GIVEN MATERIAL ->
• • • •

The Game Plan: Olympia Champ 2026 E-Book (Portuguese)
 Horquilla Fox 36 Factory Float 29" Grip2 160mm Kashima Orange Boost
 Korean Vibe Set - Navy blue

• • • •

PROBLEM REQUIREMENTS -> Repeat the listing exactly.

ANSWER SPACE ->
The Game Plan: Olympia Champ 2026 E-Book (Portuguese)
 Horquilla Fox 36 Factory Float 29" Grip2 160mm Kashima Orange Boost
 Korean Vibe Set - Navy blue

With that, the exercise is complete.